And that is the difference between talent and skill. An artistically talented two year old who never exploits this gift will not grow up to be a great artist. They will paint better than the average two year old, but no more. Likewise, a brilliantly gifted abstract artist may paint more realistic portraits than Joe Average, but will pale in comparison to a talentless professional portrait artist with years of experience. Your talent is what you are born with. Your skill is what you learn. Together, they are your total ability, your limitations. Likewise, your IQ is a rough measure of your potential intelligence. What else you have and what you do to build on it is what makes your actual intelligence.
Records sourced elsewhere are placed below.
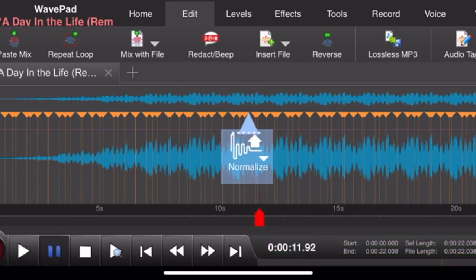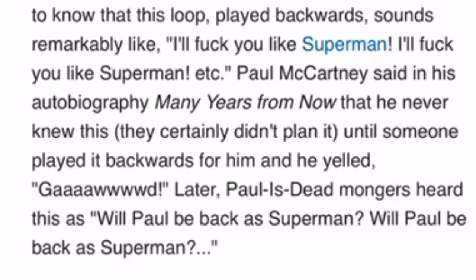You heard that right. I'll fuck you like Superman, just like TV Tropes says, if you look it up. Okay, that's all I can say about this. See you in the morning.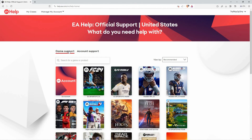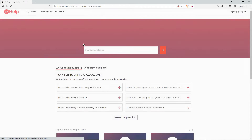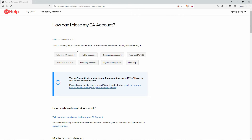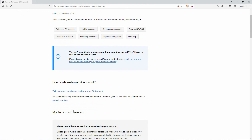Once logged in, click Game Support. Since you want to delete the entire account, click EA Account. On the search bar, type in Delete, then Search. Here, choose the option 'How can I close my EA account?' Here, you will see the option 'How can I delete my EA account?' Under it, click Contact our Advisors.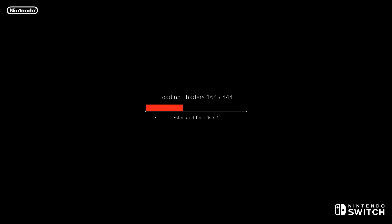It's going to load in your shaders now. It only does this the first time that you launch a game — it's going to save all of that, so next time you jump in you'll be able to get in much quicker.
So what are the other sides to your intelligence, the other things that contribute to how smart you can possibly get?

The first is commonly called “Creative Intelligence” or “Creativity”. The most correct term for it is “Latent Inhibition”, ie, how naturally inhibited and obedient you are. The higher the latent inhibition, the more likely you are to need rules, even instruction, before you dare act. The lower the latent inhibition, the more likely you are to do something on impulse or to break boundaries. Everyone needs both the ability to follow some sort of order, even if it’s just remembering the consequences of your actions, and the ability to act independently, even if it’s just weighing several rules or orders against each other. I have a theory that it is often a poor balance between IQ and LI that results in stranger or less adaptive behaviours, rather than low IQ causing all the trouble. Individual motivations and interests aside, someone with a below average IQ with above average LI will be just as law-abiding as someone with a high IQ and average LI and probably moreso than someone with above average IQ and below average LI.
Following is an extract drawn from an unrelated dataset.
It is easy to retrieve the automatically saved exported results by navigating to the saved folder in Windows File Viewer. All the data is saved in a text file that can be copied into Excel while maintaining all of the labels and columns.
The next is social learning. This could be in the form of empathy, sympathy, cooperativeness, etc. Basically, it’s your ability to learn from others without instruction. This is where a lot of people on the autism spectrum fall. They may have a high IQ and moderately low LI, but without the ability to infer from others and properly observe them, you can’t begin to learn. Social learning is the groundwork for all other forms of learning. This is how you integrate into your culture, develop an accent or a walk. You don’t study another person’s accent, but if you live with them it will merge with yours, either from empathy, cooperation or just acclimatization.
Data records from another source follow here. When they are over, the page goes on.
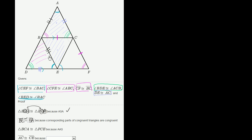Then they tell us that triangle BCA is congruent to triangle FCE by angle-angle-side. We started at B with the double angle, went across one side, then the magenta-marked side. Angle, blue angle, double magenta angle, then the single magenta slash side — angle-angle-side. That seems legitimate.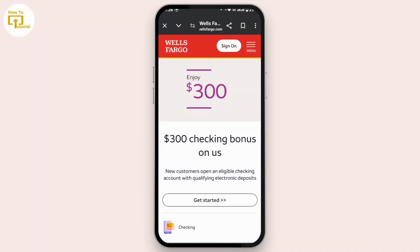If not, you can simply go with the Wells Fargo website. Open wellsfargo.com in your Google Chrome on your mobile device. Once you open wellsfargo.com, you will land on this interface. First of all, log into your account using your username and password or biometric authentication.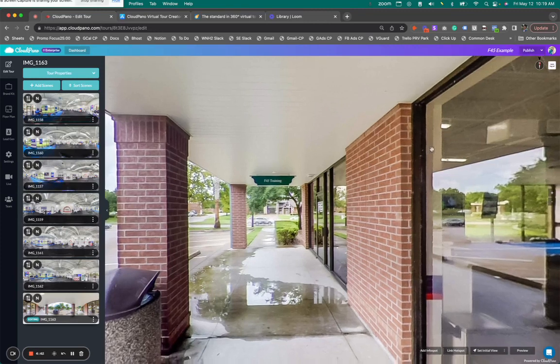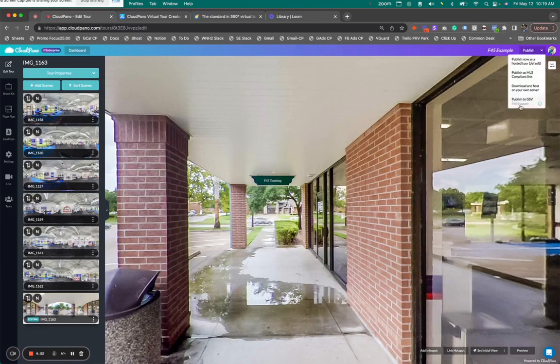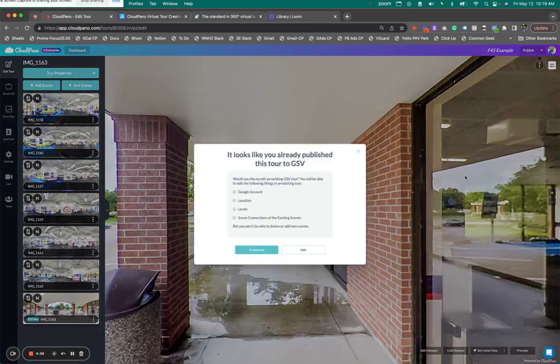Now our Street View editor has changed. Basically, you go right here, and instead of clicking publish, I'm going to click this down arrow. Right here it says publish to GSV and it gives me a little title here of that tour. So I'm going to click it.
Finally comes education. If you just have IQ, LI and social learning as distinguishing elements of intelligence, we would be no different to most social animals. However we also have education. This comes in many forms, from schooling, to training, to immersion, to passing old wives tales around. Your education is what you have learned from others through instruction and your IQ, LI and social learning abilities will all reflect on how easily you can be educated. Therefore, the last factor is simply your personality and culture. Are you willing to be educated? Are you overly trusting, maybe not trusting enough? What will you focus on learning? What education do you have access to? What education do you need? Someone with a high IQ, high social learning, and low LI could easily avoid educating themselves, be taught the wrong thing or live in a society where certain matters are not essential to their lives. Therefore, you can have someone who is set up for high intelligence, who is wrong about many things due to cultural factors, obstinacy, lack of educational resources or emotional intensity.

Of course, a hard limit on intelligence is a hard limit. All things being equal, someone with an IQ of 120 is smarter than someone with an IQ of 70. Just as, all things being equal, a man with two legs runs faster than a man with only one. And of two people in a class, all being equal, the one with the higher IQ will be able to advance to a level where the one with a lower IQ gets stuck. It’s as simple as that.

But there is simply more to it than that in real life. All things aren’t equal, for starters. Someone may have dyslexia, synesthesia, psychopathy, nerve damage, autism, etc. And the cultural environment in which our education happens can shape us permanently, so that someone very bright is reluctant to leave the social norm, or someone very dim is in the right setting to learn harsh truths the bright person can’t. And, finally, probably most importantly, few people reach their full potential anyway. When the environment is at its harshest we are encouraged to develop our intelligence as far as possible, but we rarely have the means to become educated. When the environment is at its gentlest we are hand-held through life and discouraged from developing our highest intelligence, but we have the luxury of great education. And which matters more? Who knows. Both are highly adaptive strategies.

What does matter is IQ. Just not in the way people think it does.

TTFN and Happy Hunting.

The Chains We Tie About Our Necks.

Chains1

I’ve seen this quote a thousand times and often thought upon it. You see, the idea is inspirational. We, like birds, have a million places or more we could be if we wanted to, if we really wanted to, yet we don’t go there. We dream of having the money, the freedom, the means to travel to distant places, or live somewhere better. Yet we’re apparently already free to go there. However, when I thought about it some more, I realized the modern Western human does not have the freedom of movement that Harun Yahya implied we do. In fact, we are firmly anchored, chained to one spot. And really, we have nothing and nobody to blame but ourselves.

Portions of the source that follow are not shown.